REQUIREMENT: Once the line holding "A beautiful 500-storey" is found, output it and all remaining lines of the data exactly, with every picture left out.
*** INFORMATION PROVIDED ***
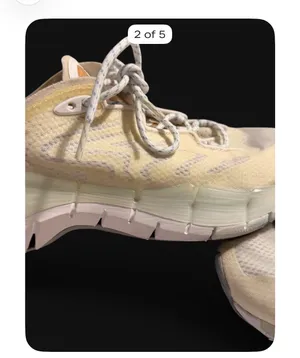 Reebok white trainers, Size US 7 thumbnail 3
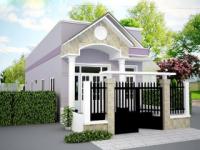 A beautiful 500-storey model townhouse, every young family dreams of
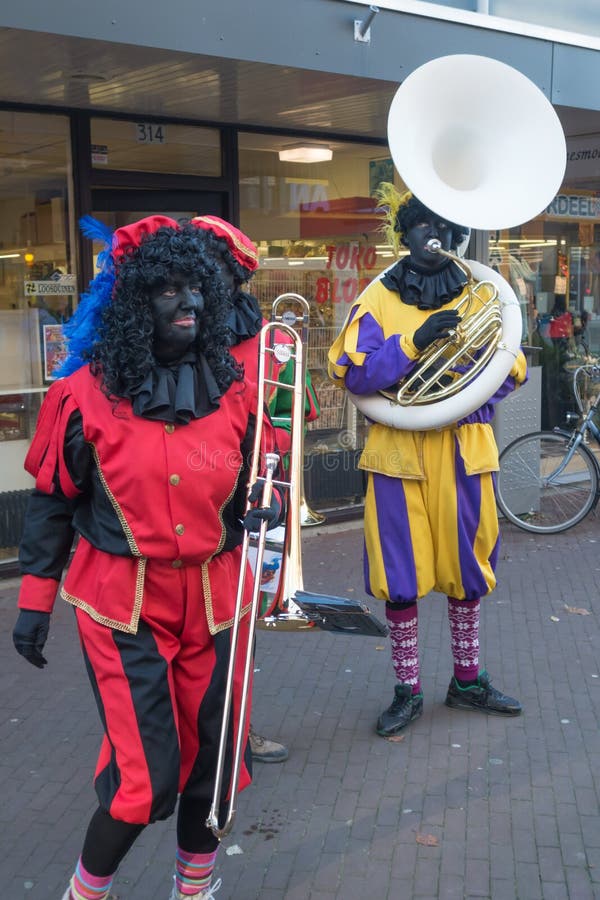 Schwarzes piet-/zwartepiet, das Sinterklaas feiert stockbilder Schwarzes piet-/zwartepiet, das Sinterklaas feiert stockbilder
*** End of INFORMATION PROVIDED ***
YOUR SOLUTION:
 A beautiful 500-storey model townhouse, every young family dreams of
 Schwarzes piet-/zwartepiet, das Sinterklaas feiert stockbilder Schwarzes piet-/zwartepiet, das Sinterklaas feiert stockbilder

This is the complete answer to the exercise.